Читать книгу The Substance of a Dream - F. W. Bain - Страница 13
IV
ОглавлениеAnd yet they were all wrong. For there was another thing that nobody knew anything about, that I cared for even more than for my lute. And all the while I wandered, I was looking for a thing that flew before me the more I kept pursuing it, like the setting of the sun. And yet it hung, so to say, always just before my eyes, like a picture on the wall, so that often I used to talk to it, as if it were alive, as I sat. And yet it never answered, looking back at me in silence with strange kind eyes, and seeming to listen to me gazing at it wistfully, and playing on my lute. And this was a woman, that had come to me in a dream. For but a little while before I quarrelled with my father, I was lying, on a day, at noon, when I had been following a quarry in the jungle till I ached with fatigue, resting on a river bank: and so as I lay, unawares I fell asleep. And I thought that I wandered through a palace that I had never seen before, till suddenly I came upon a terrace that stood on the very margin of a lake, that was filled with myriads of lotuses, all turned red by the rays of the setting sun, which stood never moving on the top of a low hill, as if it were watching me to see what I should do, before it went away. And there was such a strange silence that I began to be afraid, as if of something that was just about to happen, without knowing what. And so as we all stood waiting in the dusk, I and the lotuses and the sun, all at once I heard behind me a voice like a kokila, saying quietly: I have kept thee a long while waiting: wilt thou forgive?
And I turned round, and looked, and lo! there was a lady, looking at me with a smile. And she was standing so absolutely still, that she resembled an image made of copper, for exactly like the lotuses, she was all red in the rays of the sun, and her dark clothing shone like the leaf of a palm seen at midnight in the glow of a fire. And her hair was massed like that of an ascetic high over her brow, and on its dull black cloud there shone a gem that resembled a star, shooting and flickering and changing colour like a diamond mixed with an opal: while underneath, her eyes, that resembled pools filled with dusk instead of water, were fixed on me as if in meditation, as if half in doubt as to whether I was I. And yet her lips were smiling, not as if they meant to smile, but just because they could not help it, driven by the sweetness of the soul that lay behind them to betray its secret unawares.

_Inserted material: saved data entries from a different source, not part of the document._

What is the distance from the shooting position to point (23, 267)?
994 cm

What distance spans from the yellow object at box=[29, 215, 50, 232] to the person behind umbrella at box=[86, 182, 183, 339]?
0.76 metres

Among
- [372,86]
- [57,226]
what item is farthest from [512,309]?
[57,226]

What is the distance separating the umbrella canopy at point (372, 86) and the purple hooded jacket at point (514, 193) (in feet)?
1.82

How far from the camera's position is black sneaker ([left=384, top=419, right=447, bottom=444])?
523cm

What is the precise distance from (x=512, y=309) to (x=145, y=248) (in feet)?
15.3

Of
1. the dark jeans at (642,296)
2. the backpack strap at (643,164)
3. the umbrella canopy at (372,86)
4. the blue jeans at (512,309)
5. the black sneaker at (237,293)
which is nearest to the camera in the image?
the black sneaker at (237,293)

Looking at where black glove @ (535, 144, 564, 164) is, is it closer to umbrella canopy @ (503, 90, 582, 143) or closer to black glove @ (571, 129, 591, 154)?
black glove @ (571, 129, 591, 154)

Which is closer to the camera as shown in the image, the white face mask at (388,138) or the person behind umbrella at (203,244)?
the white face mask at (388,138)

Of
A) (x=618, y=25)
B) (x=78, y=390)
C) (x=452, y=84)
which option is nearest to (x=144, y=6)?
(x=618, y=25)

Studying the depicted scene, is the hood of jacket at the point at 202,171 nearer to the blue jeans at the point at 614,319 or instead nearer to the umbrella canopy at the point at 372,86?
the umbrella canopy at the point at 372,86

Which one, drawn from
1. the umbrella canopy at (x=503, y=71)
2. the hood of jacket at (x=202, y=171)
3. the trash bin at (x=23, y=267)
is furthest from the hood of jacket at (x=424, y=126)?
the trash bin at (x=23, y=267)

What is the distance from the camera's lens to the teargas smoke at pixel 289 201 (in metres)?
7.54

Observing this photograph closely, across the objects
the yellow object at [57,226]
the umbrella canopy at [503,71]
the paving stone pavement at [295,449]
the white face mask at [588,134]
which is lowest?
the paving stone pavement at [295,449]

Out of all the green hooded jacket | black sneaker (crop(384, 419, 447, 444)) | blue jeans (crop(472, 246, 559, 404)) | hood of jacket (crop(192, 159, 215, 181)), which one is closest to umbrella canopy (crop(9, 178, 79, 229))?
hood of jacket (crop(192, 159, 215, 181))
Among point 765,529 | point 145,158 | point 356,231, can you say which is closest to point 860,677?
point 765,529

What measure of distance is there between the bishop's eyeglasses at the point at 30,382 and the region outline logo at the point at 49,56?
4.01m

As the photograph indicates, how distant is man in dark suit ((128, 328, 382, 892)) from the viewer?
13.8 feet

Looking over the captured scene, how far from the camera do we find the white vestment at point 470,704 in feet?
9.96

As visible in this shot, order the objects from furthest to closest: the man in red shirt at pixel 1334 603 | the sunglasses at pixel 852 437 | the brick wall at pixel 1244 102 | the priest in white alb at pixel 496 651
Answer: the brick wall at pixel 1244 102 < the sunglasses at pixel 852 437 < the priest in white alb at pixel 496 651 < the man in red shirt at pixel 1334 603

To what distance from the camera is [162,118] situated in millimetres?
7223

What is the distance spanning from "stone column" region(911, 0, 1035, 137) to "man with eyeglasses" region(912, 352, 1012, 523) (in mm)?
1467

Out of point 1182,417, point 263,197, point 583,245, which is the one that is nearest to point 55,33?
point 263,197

And the perfect oval of the outline of her face was lifted, so to say, into the superlative degree of soft fascination by a faint suggestion of the round ripeness of a fruit in its bloom, as if the Creator, by some magical extra touch of his chisel, had wished to exclaim: See how the full loveliness of a woman surpasses the delicate promise of a girl! And she was rather tall, and she stood up very straight indeed, so straight, that my heart laughed within me as I looked at her, for sheer delight, so admirably upright was the poise of her figure, and yet so round and delicious was the curve of her arms and her slender waist, that rose as if with exultation into the glorious magnificence of her splendid breast, on which her left hand rested, just touching it very lightly with the tips of her fingers, like a wind-blown leaf lying for a moment exactly at the point of junction of two mounds of snow, as if to chide it very gently for challenging the admiration of the three worlds. And she stood with her weight thrown on her left foot, so that her right hip, on which her right hand rested, swelled out in a huge curve that ran down to her knee, which was bent in, and then turned outwards, ending in a little foot that was standing very nearly on the tip of its toe.

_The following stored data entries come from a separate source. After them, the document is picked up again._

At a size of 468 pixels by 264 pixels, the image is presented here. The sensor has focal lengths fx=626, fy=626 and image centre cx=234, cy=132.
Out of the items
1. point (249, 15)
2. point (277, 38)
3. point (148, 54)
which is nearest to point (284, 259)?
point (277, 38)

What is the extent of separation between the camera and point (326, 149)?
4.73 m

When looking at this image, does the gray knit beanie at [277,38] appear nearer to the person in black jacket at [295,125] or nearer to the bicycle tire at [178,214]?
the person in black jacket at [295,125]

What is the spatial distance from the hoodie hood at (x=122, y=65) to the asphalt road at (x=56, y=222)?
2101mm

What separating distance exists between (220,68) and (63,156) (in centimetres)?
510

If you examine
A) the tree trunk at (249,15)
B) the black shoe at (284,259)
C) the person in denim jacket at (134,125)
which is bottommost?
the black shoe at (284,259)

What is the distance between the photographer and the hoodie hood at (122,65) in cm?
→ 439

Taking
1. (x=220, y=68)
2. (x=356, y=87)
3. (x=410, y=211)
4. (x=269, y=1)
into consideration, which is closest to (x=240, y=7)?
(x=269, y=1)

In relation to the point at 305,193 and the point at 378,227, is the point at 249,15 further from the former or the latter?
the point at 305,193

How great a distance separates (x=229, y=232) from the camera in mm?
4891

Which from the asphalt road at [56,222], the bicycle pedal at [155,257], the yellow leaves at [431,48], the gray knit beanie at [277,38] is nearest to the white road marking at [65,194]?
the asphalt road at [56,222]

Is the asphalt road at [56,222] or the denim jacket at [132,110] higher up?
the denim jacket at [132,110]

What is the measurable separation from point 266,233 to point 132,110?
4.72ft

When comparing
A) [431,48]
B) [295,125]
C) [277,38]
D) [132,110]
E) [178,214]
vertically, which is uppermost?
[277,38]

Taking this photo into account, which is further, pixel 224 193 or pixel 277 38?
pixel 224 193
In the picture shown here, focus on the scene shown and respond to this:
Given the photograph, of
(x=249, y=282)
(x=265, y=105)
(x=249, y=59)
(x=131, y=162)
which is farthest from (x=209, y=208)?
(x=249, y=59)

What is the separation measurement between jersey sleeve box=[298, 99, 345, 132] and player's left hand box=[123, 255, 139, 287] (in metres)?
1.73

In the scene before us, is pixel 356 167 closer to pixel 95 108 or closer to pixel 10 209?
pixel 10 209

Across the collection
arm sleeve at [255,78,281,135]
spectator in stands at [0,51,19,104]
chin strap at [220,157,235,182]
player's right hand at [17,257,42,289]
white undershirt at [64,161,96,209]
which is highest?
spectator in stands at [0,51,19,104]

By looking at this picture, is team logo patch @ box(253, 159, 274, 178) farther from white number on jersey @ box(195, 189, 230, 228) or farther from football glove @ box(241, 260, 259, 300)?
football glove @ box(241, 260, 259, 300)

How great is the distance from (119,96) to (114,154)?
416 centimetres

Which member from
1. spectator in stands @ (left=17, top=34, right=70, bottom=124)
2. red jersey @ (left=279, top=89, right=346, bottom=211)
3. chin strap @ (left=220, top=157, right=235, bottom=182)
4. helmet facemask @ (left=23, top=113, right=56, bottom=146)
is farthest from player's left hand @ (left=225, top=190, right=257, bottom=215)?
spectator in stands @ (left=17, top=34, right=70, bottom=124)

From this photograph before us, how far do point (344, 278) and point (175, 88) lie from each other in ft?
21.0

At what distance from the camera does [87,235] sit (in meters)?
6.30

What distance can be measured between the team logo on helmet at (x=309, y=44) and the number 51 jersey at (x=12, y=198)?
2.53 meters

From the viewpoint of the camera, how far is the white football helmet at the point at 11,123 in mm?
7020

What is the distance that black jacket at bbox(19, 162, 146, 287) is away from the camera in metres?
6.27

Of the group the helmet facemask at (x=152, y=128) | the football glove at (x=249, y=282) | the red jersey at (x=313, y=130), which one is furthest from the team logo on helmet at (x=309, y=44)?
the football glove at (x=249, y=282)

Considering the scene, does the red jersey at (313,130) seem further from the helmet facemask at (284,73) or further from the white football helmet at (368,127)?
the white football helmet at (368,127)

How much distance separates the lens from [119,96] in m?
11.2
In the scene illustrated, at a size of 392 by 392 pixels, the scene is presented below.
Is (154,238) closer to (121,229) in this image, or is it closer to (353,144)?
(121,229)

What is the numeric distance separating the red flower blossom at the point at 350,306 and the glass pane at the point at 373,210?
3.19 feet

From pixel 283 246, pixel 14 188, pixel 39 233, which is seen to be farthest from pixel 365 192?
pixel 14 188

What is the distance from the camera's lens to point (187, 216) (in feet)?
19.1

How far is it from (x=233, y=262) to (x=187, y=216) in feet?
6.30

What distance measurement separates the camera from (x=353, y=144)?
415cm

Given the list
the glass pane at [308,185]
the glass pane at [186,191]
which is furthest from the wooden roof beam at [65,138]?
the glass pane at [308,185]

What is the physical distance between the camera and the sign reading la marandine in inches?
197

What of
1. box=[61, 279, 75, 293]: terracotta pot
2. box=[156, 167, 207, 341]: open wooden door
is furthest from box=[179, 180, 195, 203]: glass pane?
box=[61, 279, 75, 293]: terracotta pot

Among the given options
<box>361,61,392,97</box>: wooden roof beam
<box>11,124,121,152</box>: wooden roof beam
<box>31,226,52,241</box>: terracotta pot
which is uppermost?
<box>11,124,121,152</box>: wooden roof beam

And so as we stood, gazing at one another in dead silence, all at once she smiled outright, holding out both her hands. And at that very moment, the sun sank. And as I strove in vain to move, rooted to the spot like a tree, she faded away, very slowly, back again into the dark, growing little by little paler, till she vanished into the night, leaving nothing but her star, that seemed to glimmer at me from a great distance, low down on the very edge of a deep-red sky. And I strove and struggled in desperation to break the spell that held me chained, and suddenly I woke with a loud cry, and saw before me only the river, on whose bank I was lying alone.